### Introduction to linear regression

Whenever you come across a few variables that seem to be dependent on each other, you might want to explore the linear regression relationship between the variables. linear regression relationship can help you assess:

- The strength of the relationship between the variables
- Possibility of using predictive analytics to measure future outcomes

This article will discuss how linear regression can help you with examples.

### Advantages of linear regression

**Establishing the linear relationship can be incredibly advantageous if measuring the response variables is either time-consuming or too expensive. In such a scenario, linear regression can help you make soft savings by reducing the consumption of resources. **

Linear regression can also provide scientific evidence for establishing a relationship between cause and effect.
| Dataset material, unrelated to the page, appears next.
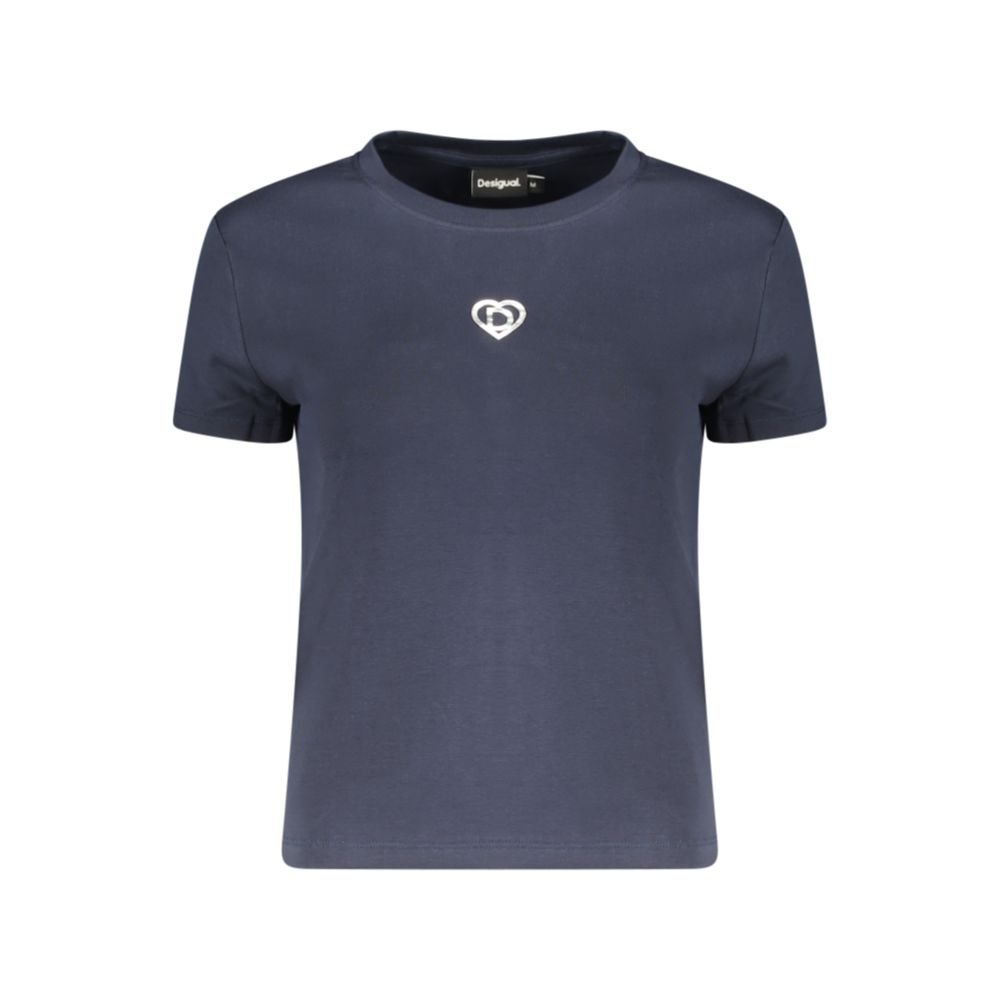Desigual Blue Cotton Women's T-Shirt | Regal Royce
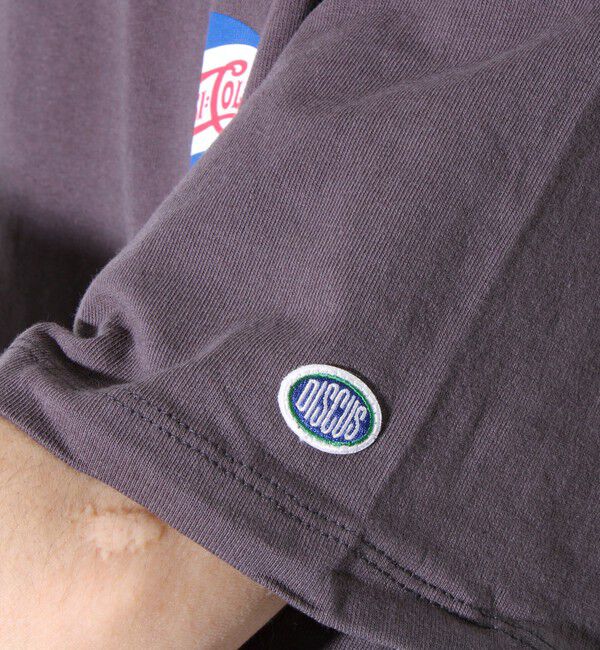 GLOSTER「【PEPSI&times;DISCUS ATHLETIC】コラボ プリント 半袖 クルーネックTシャツ」|Tシャツ・カットソー|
Therefore the method is helpful in **submitting evidence to the regulatory agencies** to **justify your process controls**. In the life-science industry, linear regression can be used as a scientific rationale in the **quality by design** approach.

### Types of linear regression

There are three major types of linear regression as below:

- Simple linear regression: Useful when there is one independent variable and one dependent variable
- Multiple linear regression: Useful when there are multiple independent variables and one dependent variable

Both types of linear regression methods mentioned above need to meet assumptions for Linear regression. You can find these assumptions in our previous article here.

This article will see one example of simple linear regression and one example of multiple linear regression.

### Simple linear regression

To understand how to model the relationship between one independent variable and one dependent variable, let’s take the simple example of the BMI dataset. We will explore if there is any relationship between the height and weight of the individuals. Therefore, our Null hypothesis is that ‘There is no relationship between weight and height of the individuals’.

Step I

Let’s start by Importing the data. To do this drag and drop your data in the Data Input fields. You can also browse to upload data from your computer.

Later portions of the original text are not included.